La critique de Kundera est tellement inepte que l'on peut se demander si elle est sincère ; un article de Maurice Nadeau, inséré dans le hors-série, rappelle que Orwell a fait l'objet d'une campagne de diffamation dans la presse britannique et française ("The Guardian", "Le Monde", "Libération") en 1996. L'anti-intellectualisme d'Orwell peut expliquer à lui seul les attaques posthumes de l'intelligentsia contre Orwell.
- Salman Rushdie (avant d'écrire ses fameux "Versets sataniques") a proposé une critique qui consiste à caractériser l'oeuvre d'Orwell comme "défaitiste" et "désespérée". S. Rushdie suggère que la maladie grave dont souffrait Orwell explique ce désespoir. Il s'agit là d'une critique sans doute superficielle. Il n'est pas rare que les écrivains souffrant de graves maladies produisent a contrario des oeuvres teintées d'optimisme ou d'utopisme.
Une telle critique, adressée au "Brave New World" (1932) d'A. Huxley, serait plus juste. Le roman de Huxley est plus humoristique, moins dur, mais Huxley était persuadé que les élites totalitaires étaient quasiment inarrêtables. Prêter un tel défaitisme à Orwell est incohérent, car il est probable qu'il a trouvé la force d'écrire un tel ouvrage, malgré la maladie, dans son utilité sociale. Certes, Winston Smith échoue dans sa quête de vérité et de liberté, mais son erreur (l'idéalisme) est un exemple à ne pas suivre pour le lecteur de "1984". L'honnêteté ébranle, selon "1984", un système qui repose sur la duplicité ("double think") des intellectuels (on ne peut s'empêcher de remarquer ici que K. Marx prêtait à la bourgeoisie la même duplicité intellectuelle).
- Georges Steiner déprécie l'oeuvre d'Orwell, qui n'est pas selon lui celle "d'un grand écrivain". Steiner voit dans "1984" "l'allégorie à peine voilée du stalinisme". La spécificité du conflit entre Staline et Trotski amoindrirait donc la portée de "1984".
On doit rappeler ici un détail : Orwell a situé cette prétendue "allégorie du stalinisme"... à Londres. Ce décalage indique que Orwell ne croyait pas que Staline et le stalinisme étaient spécialement russes. La culture de Trotski, que Steiner identifie à Samuel Goldstein, n'est pas moins "occidentale" que celle de Goebbels.

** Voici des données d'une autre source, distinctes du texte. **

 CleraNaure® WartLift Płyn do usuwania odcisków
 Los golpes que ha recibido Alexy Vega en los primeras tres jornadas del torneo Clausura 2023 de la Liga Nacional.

La méthode d'Orwell est analogue à celle de Shakespeare dans ses pièces "historiques" ; le portrait de personnages politiques emblématiques sert de support à un propos historique plus général. Staline et Hitler, peut-être plus encore Goebbels et Trotski, sont emblématiques pour Orwell du XXe siècle. Le gaullisme n'a-t-il pas les mêmes caractéristiques que le stalinisme ? On peut d'autant plus le penser que de nombreux slogans de "Mai 68" sont "orwelliens". Le régime gaulliste s'appuyait sur une démagogie typiquement bonapartiste. Néanmoins, compte tenu du déclin politique de la France, de Gaulle est un personnage d'importance politique moindre que Staline et Trotski.
Autre élément de dépréciation, Steiner rapproche le style d'Orwell du style de la littérature de gare. En temps que critique littéraire, Orwell a lui-même déprécié des ouvrages "de style" (Virginia Woolf, James Joyce...), conçus pour le divertissement de quelques "happy few". L'effet littérature de gare est volontaire. Orwell souligne la médiocrité de la condition de Winston Smith, ses goûts, ses manies de petit bourgeois ; la littérature de gare, produite en quantité industrielle, est le type même de littérature que les citoyens d'Océania sont encouragés à lire.
"1984" prend progressivement la dimension d'une tragédie, celle de l'anéantissement de l'homme par l'homme, du retour à la barbarie derrière l'apparence d'un Etat moderne sophistiqué. La sophistication elle-même est un élément du totalitarisme. L'immonde O'Brien est beaucoup plus raffiné que Winston Smith. La littérature ne se réduit pas au style.